I hope I can use this week’s article to give my readers a dose of reality while we are all being bombarded by various proposals that makes one truly think that “money is no problem”.
Let us start with the facts. Below please find a quick overview of the trajectory of government finances between 2022 to 2025. One can see that on one hand government revenue increased by 43.7% between 2022 to 2025, while government expenditure increased by 31.8% for the same period.
| Year | Total Government Revenue | Total Government Expenditure | Annual Surplus (+) / Deficit (-) | % Deficit to GDP | Nominal GDP |
| 2022 | €5,951.8 million | €6,903.6 million | (€951.9 million) | 5.30% | €17,984.8 million |
| 2023 | €6,558.8 million | €7,487.2 million | (€928.4 million) | 4.40% | €20,924.8 million |
| 2024 | €7,817.6 million | €8,611.6 million | (€794.0 million) | 3.40% | €23,136.7 million |
| 2025 | €8,553.8 million | €9,099.1 million | (€545.3 million) | 2.20% | €24,577.2 million |
Going forward one major unknown is how much Malta will need to spend in fuel and energy subsidies. In the height of the Ukraine war, between 2022 and 2023, Malta spent some €300-€400 million annually in such subsidies. Then come all the proposals flying around on a daily basis. A quick preliminary cursory estimate of the proposals put forward by each of the major political parties would cost the public purse something between €300 to €400 million annually in reduced tax revenue or increased government expenditure, if all are implemented at once.
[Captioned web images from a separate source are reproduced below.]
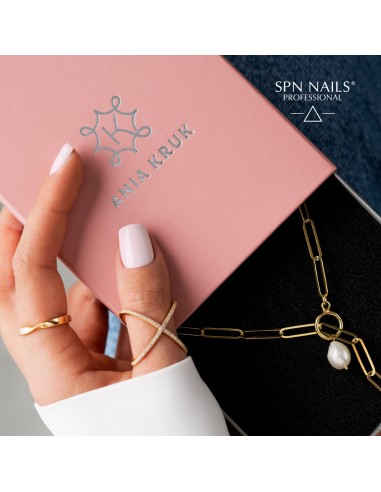 973 Smalto semipermanente UV LaQ Out Milk 8ml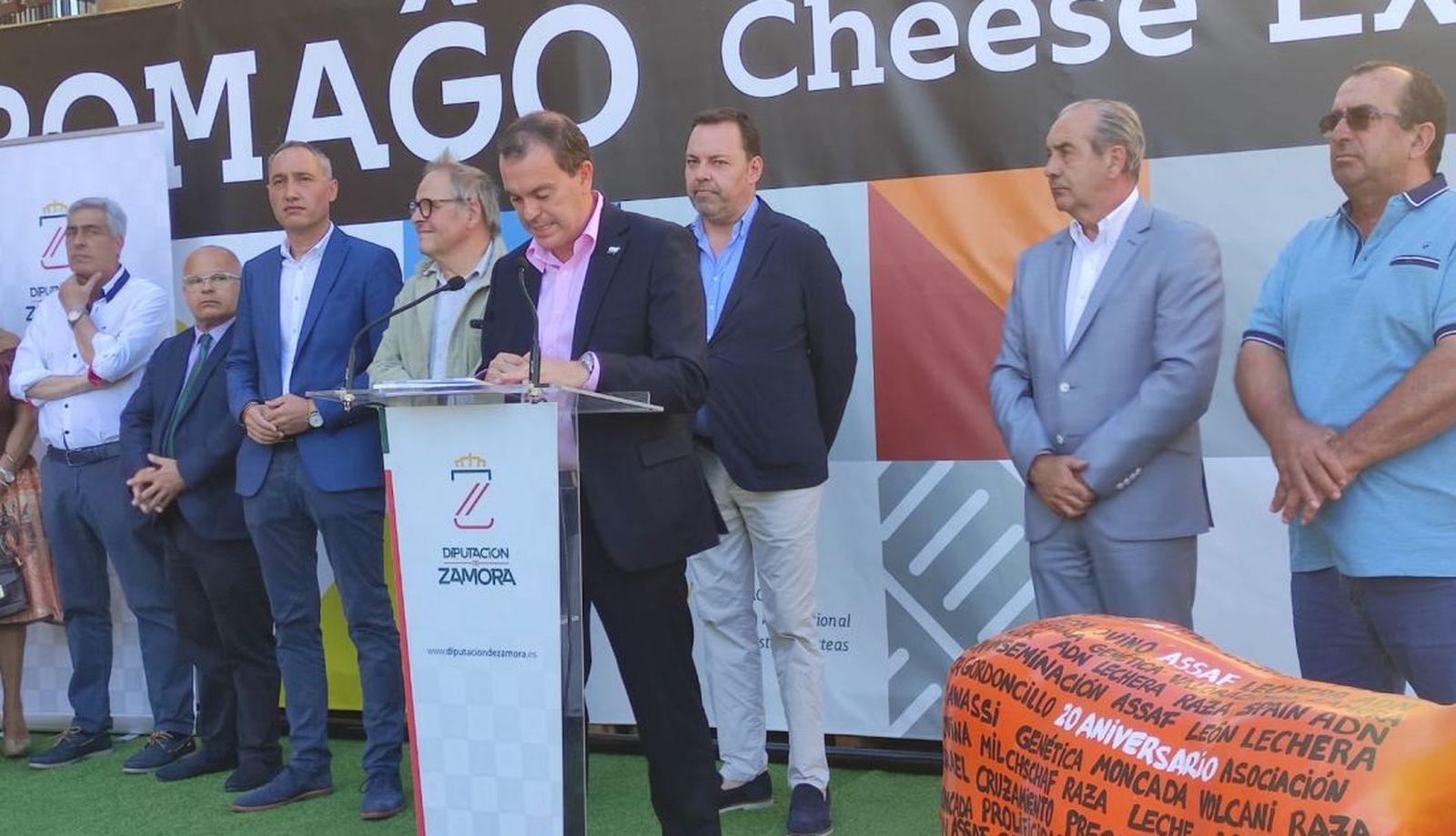 La exposición 'Ovejas de Fromago' llega al centro de León (1)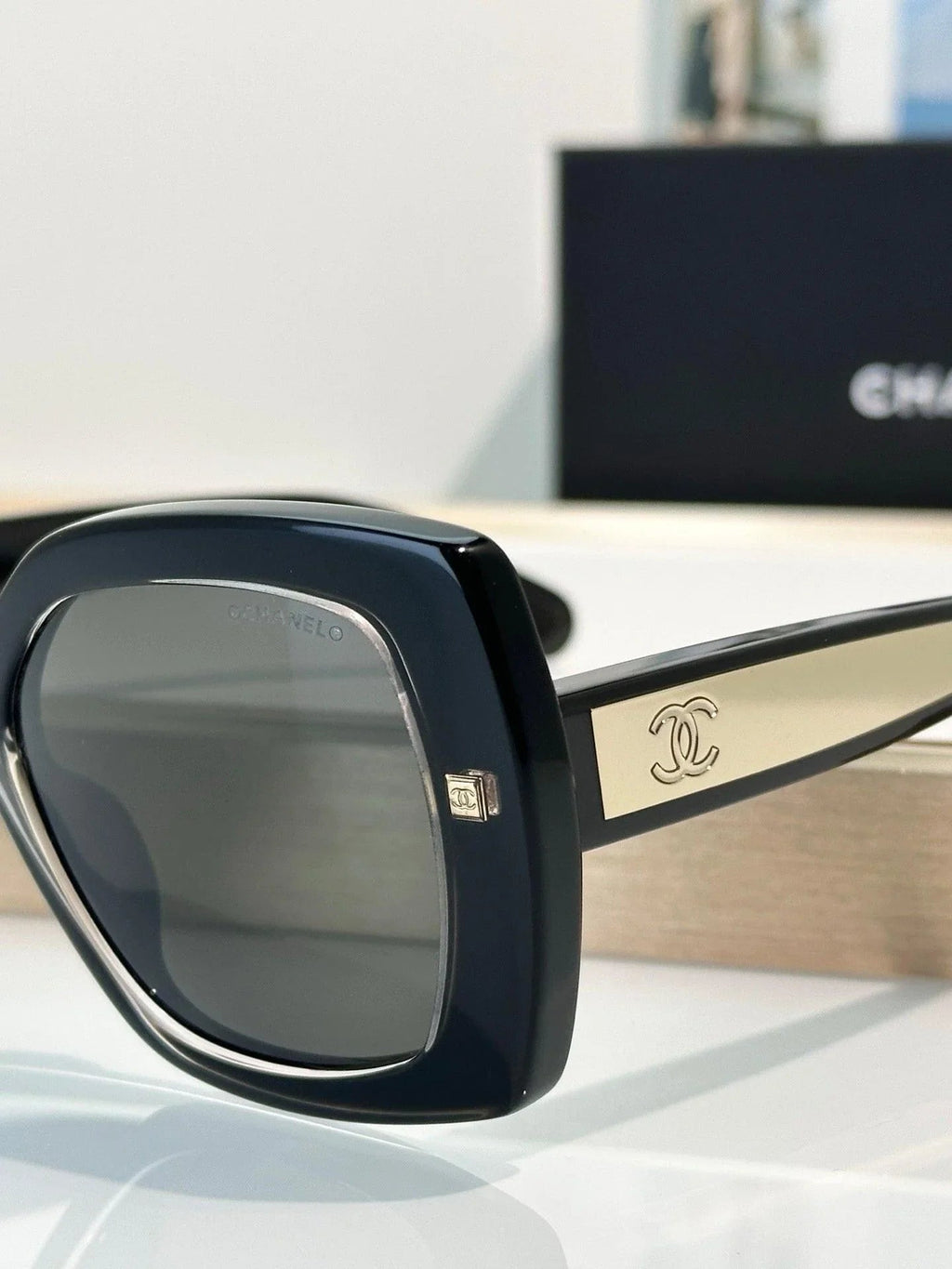 CHANEL 9173  Square Sunglasses - Silver Pink Mirror - Chanel Eyewear  🖤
If Malta’s economy is to experience a forecasted real GDP growth of 3.7% and assuming an average 3% inflation rate over the three years, Malta would hit a nominal GDP of €26.2b in 2026, €28b in 2027 and almost €29.9b in 2028. If this economic growth materialises as predicted, to remain within the 3% limit of annual deficit-to-GDP Malta could have annual deficits ranging from €800 to €900 million between 2026 to 2028. Assuming the 2025 baseline deficit of €545 million – achieved when energy and fuel subsidies had fallen to approximately €150 million – our so-called annual “war chest”, provided the projected GDP growth materialises, would amount to roughly €250-350 million per year. Which is why in my humble opinion, considering the instability and the unknown of the impact of the likely increased expenditure in fuel and energy subsidies in 2026, all the proposals flying around make some difficult reading. As I said above, all this is dependant that the forecasted economic growth for 2026 to 2028 will materialise as forecasted. As I write this I am reading the latest Moody’s credit rating report for Malta, which has reduced the 2026 economic growth forecast from 4% to 3.5% due to capacity constraints in tourism, labour shortages and geopolitical risks.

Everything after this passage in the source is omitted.